Day 7: Letter to a friend. Some days stand out. Today was one, thanks to a lovely dinner with M. Le French Editor and his wife la belle dame Isabelle.
Day 7: Letter to a friend
Some days stand out as highlights. Today was one such, thanks to a lovely dinner with M. Alain Le French Editor and his wife la belle dame Isabelle. Alain and Isabelle most graciously spoiled me with dinner at one of the famed Montparnasse eateries, with art on the walls (some of it rather nice), succulent lamb, and red wine full of sun. I would note that the baked chevre with tomate exceeded my expectations most delectably.

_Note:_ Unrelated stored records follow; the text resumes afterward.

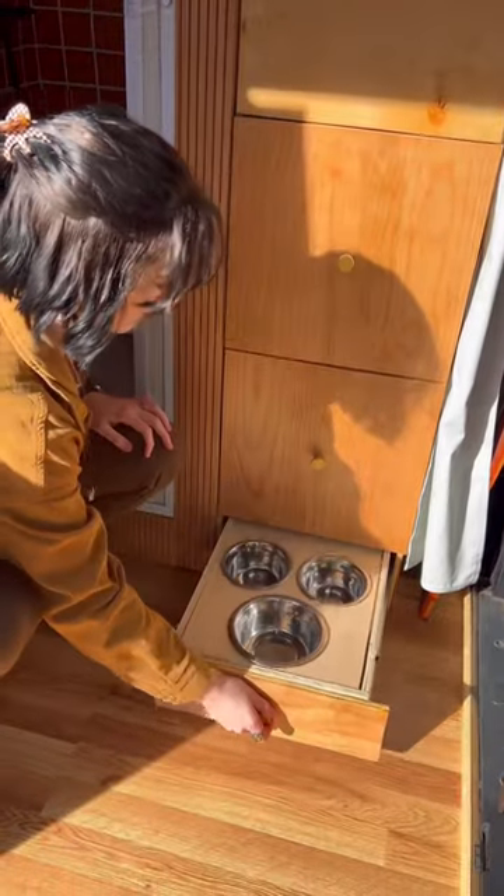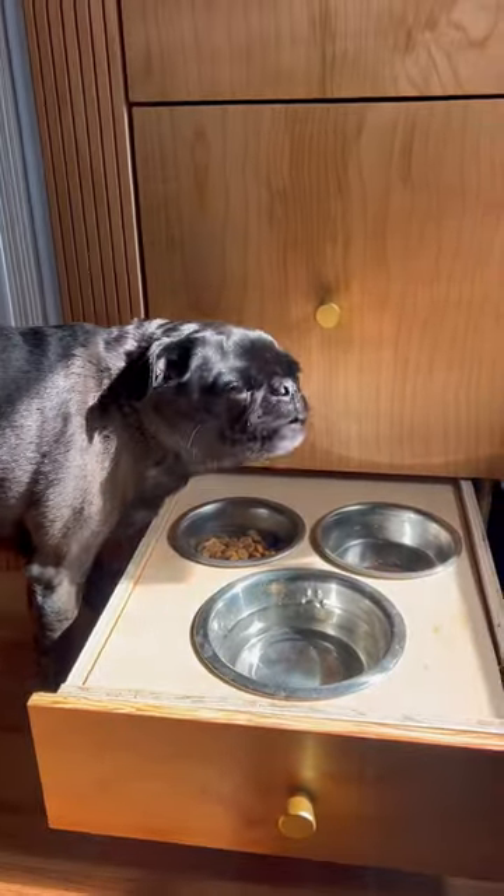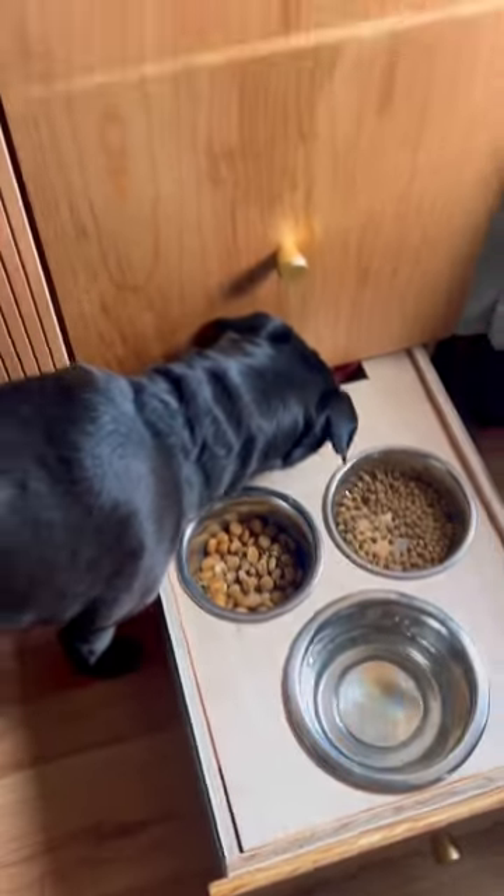First, we have this food and water bowl drawer that makes it really easy to put everything away when we're driving, and has a not so secret treat compartment.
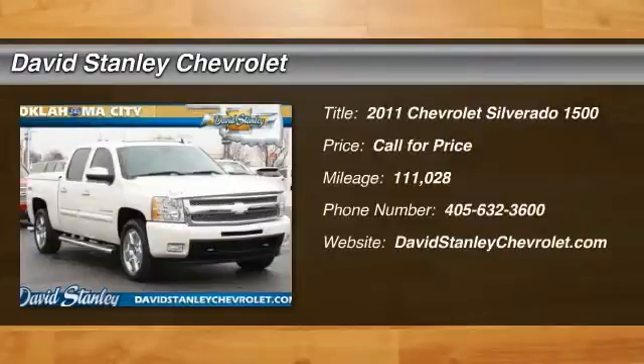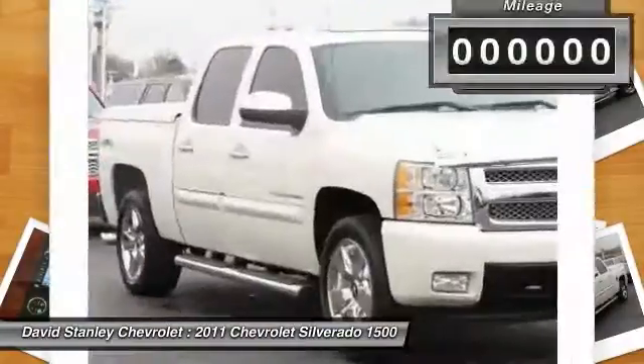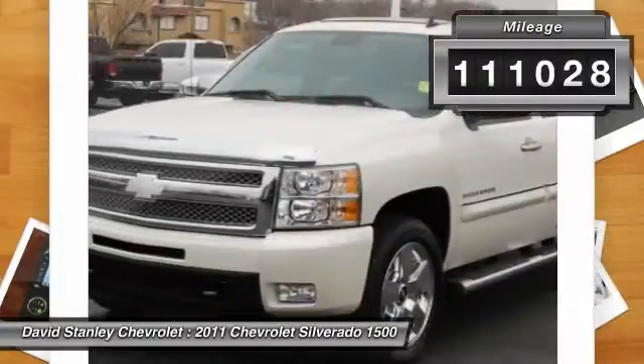The 2011 Silverado 1500. The Chevy Silverado 1500 has the lowest cost of ownership of any full-size pickup. This vehicle has less than 115,000 miles.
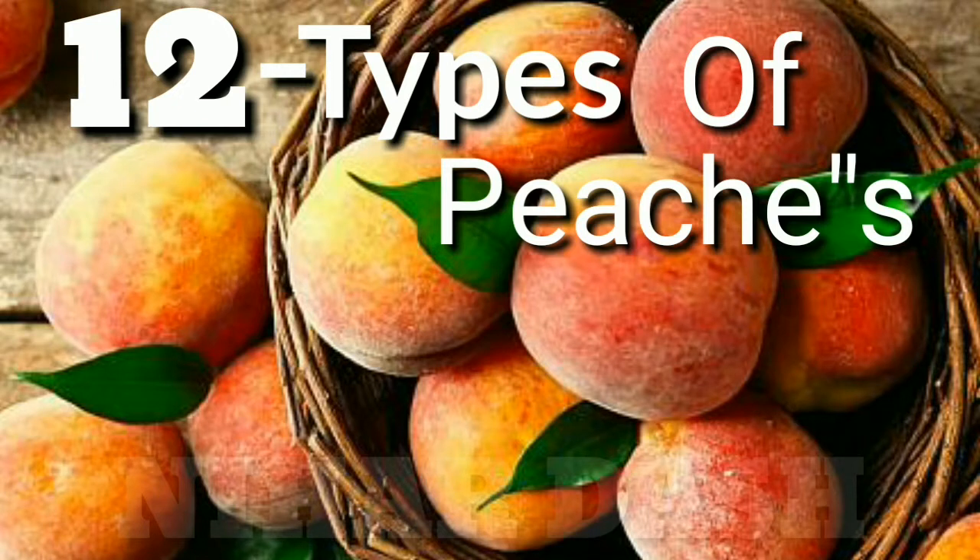12 different types of peaches, written by Nihir Dash for public domain purpose. Discover the many different types of peaches grown in many parts of the world. See pictures of the different types, know how they vary, and find out where you can get a taste of them.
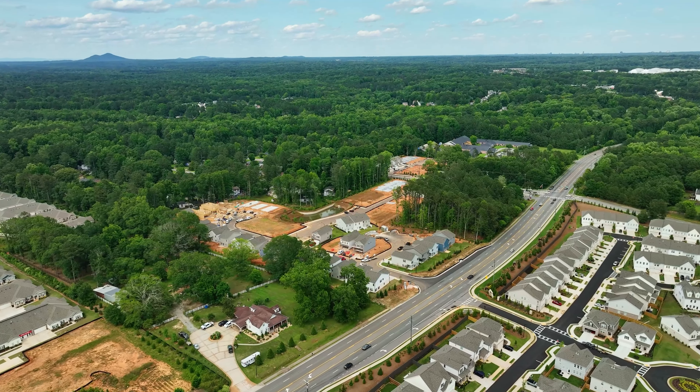At Preston we have three townhome plans and three single-family plans. A great feature of our townhomes — specifically the Norwood — is that you have a loft you could utilize for work at home or additional flex space. Our single-family homes range in square footage from 1,920 to 2,267.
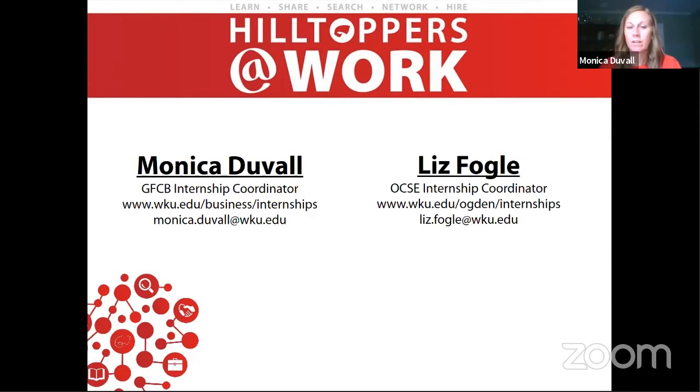Contact information for Liz and Monica is visible on screen. If you need an intern in an area outside of business or Ogden, feel free to reach out and they will connect you with the appropriate person in that college to ensure the position is advertised on Handshake. Well, Liz and Monica, I don't think we have any additional questions. Appreciate your time today and your insight into how to create an internship opportunity from scratch. Everyone's welcome to join us again on Thursday, where we'll talk about this era of COVID-19 social distancing, and how you could create an internship opportunity based virtually or remotely for WKU students.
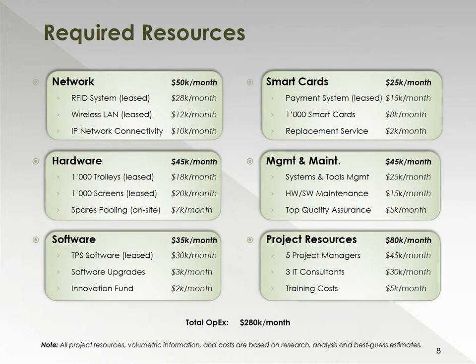In terms of required resources, we expect to spend about $50,000 on the network, roughly about another $45,000 on the hardware side, which will cover the 1,000 trolleys and the 1,000 screens to be leased. Software would need roughly about $35,000. Smart cards for 1,000 cards including the payment system are expected to cost roughly about $25,000 per month. Management and maintenance will cost about $45,000 per month. The project resources required during the first two years of implementation are estimated to cost about $80,000 per month in total, with roughly about $280,000 or $3.3–$3.4 million per annum.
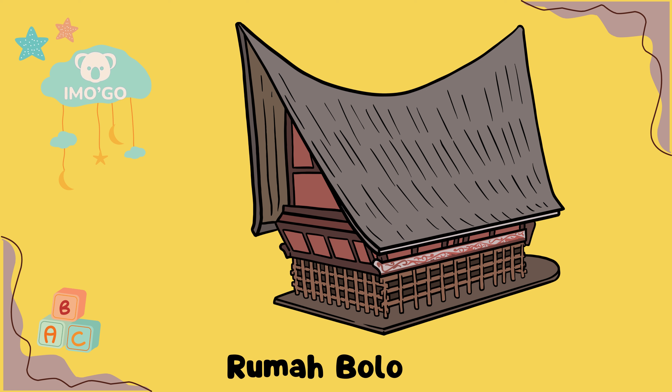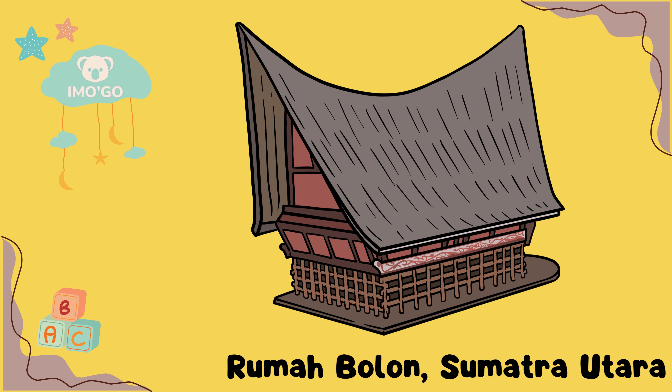Rumah Bolon, Sumatera Utara. Rumah Bolon suku Batak Toba di Sumatera Utara adalah rumah adat yang digunakan untuk upacara adat. Dibangun dengan kayu sebagai kerangka utama dan anyaman bambu sebagai dinding, rumah ini memiliki peran penting dalam melestarikan budaya Batak.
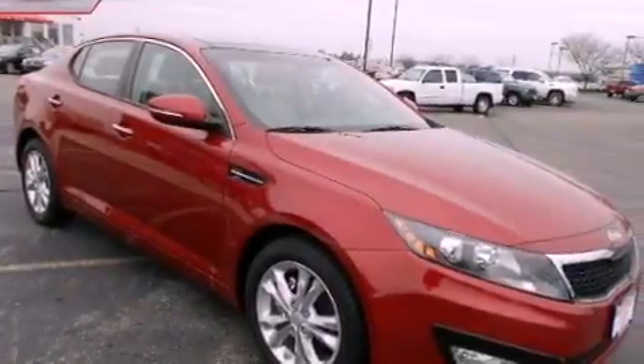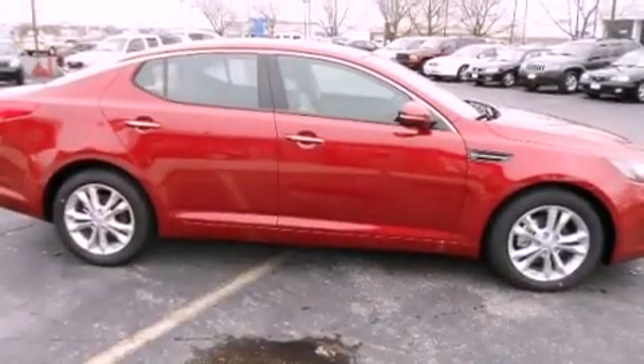With an EPA estimated rating of 34 miles per gallon on the highway, this vehicle does not compromise its fuel efficiency for size, comfort, or fun.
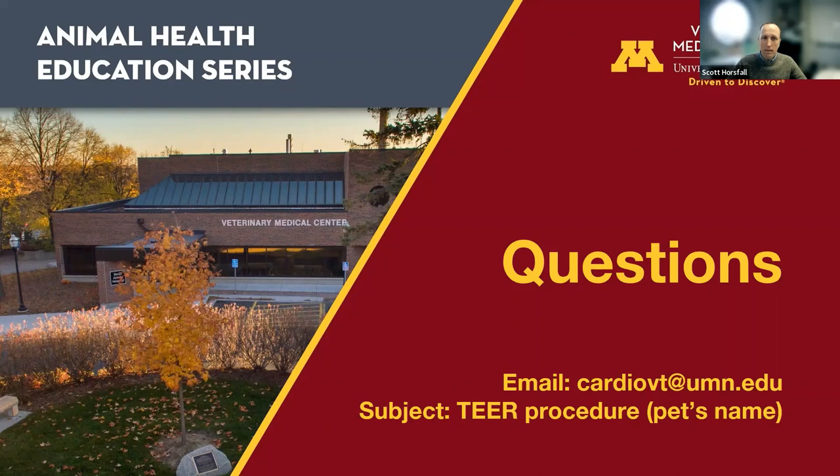Does disease progress more quickly in certain breeds? Cavalier King Charles Spaniels are known to be at risk for faster disease progression compared to other breeds. However, the prognostic data shared — from large multi-breed studies with many cavaliers represented — does not necessarily change based on breed for the purposes of giving a prognosis.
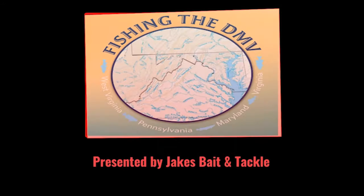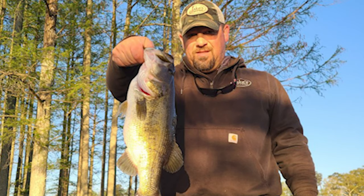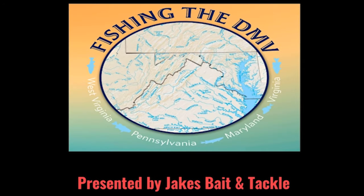You're listening to Fishing the DMV with your hosts Thomas Ahrens and Jared Mounts. Fishing the DMV is brought to you by Jake's Bait and Tackle, located in Winchester, Virginia. Good evening, everybody. Welcome back to Fishing the DMV. I'm your host Thomas Ahrens. Jared Mounts.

Even more delicious was the conversation. Cher M. Alain is a thoughtful, highly literate one, and his English is excellent. He had a lot of theories about the various social problems we chewed over, which included: the shifting generational financial profile; the next generation’s lack of understanding regarding sacrifice; racial and socioeconomic problems and the assimilation of immigrant cultures; the weight gain in the US and France (I blame high fructose corn syrup and the government spraying the civilian population with population control chemicals, he holds the disintegrating family unit responsible); and the waning of the American empire. There were, bien sûr, other topics as well.
Needless to say, it is a rich treat indeed to gorge on such intelligent discourse! And Alain and Isabelle shared some of their personal story, how they met and gently wound their way together. Of this, I shall only say: Alain is fortunate to have been given a second chance. But Isabelle didn’t fare too badly, either. Lovely men are creatures, don't you think? Wasn't it you who said that men were a pitiful lot?
The rest of the day was quiet. A trip to the marché for cerise and apricots. Some reading, a load of laundry, yoga, note-taking. General holing-up and stewing-over-a-story stuff. I was not available for a trip to Notre Dame and decided to respect myself with greater truculence immediately--if not sooner. So I left a note outside on the floor, where anyone who wanted to slide paper into my apartment would have to look. The note inquired: “Why should I go to Notre Dame?”
While I was preparing a cheese plate for the arrival of my guests--Isabelle and Alain were coming by for an aperitif--Jean-Sven knocked on the front door. I kept silent. He would go away if he thought I wasn’t home.
“Traci, I know you’re in there,” Jean-Sven sang. “Traci, vite, maintenant!” He pounded.
I refused to answer.
“D’accord, be that way. But tomorrow is Angelique’s concert and we are all going, my friends and me. We will pick you up in the afternoon.”
I maintained radio silence.
“Why should you go to Notre Dame? Je pas, it’s a beautiful cathedral and that’s what all the tourists do!” he called. He waited. “You can’t hide forever. Tomorrow, then.”
I heard him tromp off, so I went to the door and peeked out the peephole. Mme Durand stood there, staring at my door as if mesmerized. Her door was open, her white hair fell out of its bun and draped down around her shoulders, and the beautiful Cezanne hung on the wall behind her, bathed in the aura of its beauty. I ran to get my cell phone to snap a pix but by the time I returned, her door was closed.
Perhaps you will see from today's missive that your theories of thoughtful and considerate behavior apply not only to others, but to the self as well.